Hector Garcia de Marina
In reply to this post by Michal Podhradsky

Hi Michael, since the scheduling is static, the best way is to trigger one electric signal at the beginning and at the end of the task. Then observe this signal with an oscilloscope, from this information you can compute the time with nice accuracy and therefore you can estimate the limit of your system.

I am afraid that the F1 will not support a high rate with floating point operations since it does not have floating hardware unit. Why do you need 1KHz? Are you testing aerobatics or something similar?

On 23 Aug 2013 20:19, "Michal Podhradsky" <[hidden email]> wrote:
Hi Felix,

thanks for the explanation about the sys_mon, now it makes more sense:)

I ran a couple of quick tests (just looking at the telemetry data and sys_mon module, no data logging):
A) rotorcraft running @512Hz + GX3 as ahrs @500Hz + int_euler for stabilization -> runs just fine (master 5.0)
B) rotorcraft running @512Hz + GX3 as ahrs @500Hz + float_euler for stabilization -> VERY BAD timing (probably because of the floating point calculations at high rate?) (master 4.9)
C) rotorcraft running @512Hz + GX3 as ahrs @125Hz + float_euler for stabilization (master 4.9) -> OK(!), note that floating point calculations runs at the same rate as in B), there is just 4x more UART traffic...

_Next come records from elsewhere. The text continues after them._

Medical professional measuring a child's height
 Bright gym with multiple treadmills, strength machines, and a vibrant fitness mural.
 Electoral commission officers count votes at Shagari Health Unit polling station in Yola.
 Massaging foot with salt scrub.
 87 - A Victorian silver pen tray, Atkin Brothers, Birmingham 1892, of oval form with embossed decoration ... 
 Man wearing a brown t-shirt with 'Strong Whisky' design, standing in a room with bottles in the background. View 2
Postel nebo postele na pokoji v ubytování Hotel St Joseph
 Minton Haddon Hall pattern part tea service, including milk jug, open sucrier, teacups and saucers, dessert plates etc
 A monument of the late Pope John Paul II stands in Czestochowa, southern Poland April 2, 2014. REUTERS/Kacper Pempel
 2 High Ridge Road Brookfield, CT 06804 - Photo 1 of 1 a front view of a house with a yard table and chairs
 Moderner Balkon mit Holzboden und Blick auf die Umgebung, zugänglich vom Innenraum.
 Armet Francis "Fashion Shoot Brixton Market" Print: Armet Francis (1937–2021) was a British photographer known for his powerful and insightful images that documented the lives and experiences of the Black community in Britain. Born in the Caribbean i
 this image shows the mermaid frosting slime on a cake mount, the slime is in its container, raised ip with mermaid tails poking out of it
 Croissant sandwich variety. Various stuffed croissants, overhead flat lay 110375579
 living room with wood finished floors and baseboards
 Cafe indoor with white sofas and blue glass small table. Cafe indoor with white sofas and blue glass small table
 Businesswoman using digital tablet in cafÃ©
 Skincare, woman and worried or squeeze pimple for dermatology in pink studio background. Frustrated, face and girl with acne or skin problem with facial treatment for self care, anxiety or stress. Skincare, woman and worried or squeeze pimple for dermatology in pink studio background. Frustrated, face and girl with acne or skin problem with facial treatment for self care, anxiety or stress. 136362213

Maybe rotorcraft code is written in a way it can handle the tasks and timing better?

M

As for yesterday tests w. fixedwing, here is the configuration for aspirin:
  <firmware name="fixedwing">
    <target name="ap"             board="lisa_m_2.0"/>
    <configure name="FLASH_MODE" value="JTAG"/>

    <define name="AHRS_USE_GPS_HEADING"/>
    <configure name="PERIODIC_FREQUENCY" value="500"/>
    <define name="MODULES_FREQUENCY" value="500"/>

    <subsystem name="control"/>

<!-- Communication -->
    <subsystem name="telemetry"     type="transparent"/>

    <subsystem name="radio_control" type="ppm">
       <configure name="RADIO_CONTROL_PPM_PIN" value="UART1_RX"/>
    </subsystem>

<!-- Sensors -->
    <subsystem name="imu"      type="aspirin_v2.2"/>
    <subsystem name="ahrs"      type="int_cmpl_quat"/>
    <subsystem name="gps"       type="ublox"/>
    <subsystem name="navigation" type="extra"/>
    <subsystem name="ins" type="alt_float" />
  </firmware>

<!-- Modules -->
  <!--modules main_freq="500"-->
  <modules>
    <!-- Airspeed Sensor -->
    <load name="airspeed_adc_adv.xml">
    </load>

    <!-- System Monitor -->
    <load name="sys_mon.xml"/>
    <load name="battery_monitor.xml"/>

    <!-- UGEAR BLACKBOX -->
    <load name="ugear_blackbox_uart.xml"/>
  </modules>


On Fri, Aug 23, 2013 at 8:15 AM, Felix Ruess <[hidden email]> wrote:
Hi Michal,

I added some more information to http://paparazzi.enac.fr/wiki/Module/System_monitor. I hope that answers your question about the periodic_cycle...

Nice job on the testing/plotting so far ;-) We clearly need to have a closer look at this...
I didn't observe any variations like that in my setups so far (will check again tonight when I have access to the hardware again).
There are quite a number of reasons why this could happen...
E.g. if have an algorithm that takes a lot of time, it could delay the next periodic function. As we don't have any preemption (yet) this is some sort of cooperative scheduling.
It could be triggered by an event like new gyro data and hence run in the event loop, or be one of the autopilot periodic functions like running guidance (e.g. if you try to run that in float without a floating point unit it will probably take too long)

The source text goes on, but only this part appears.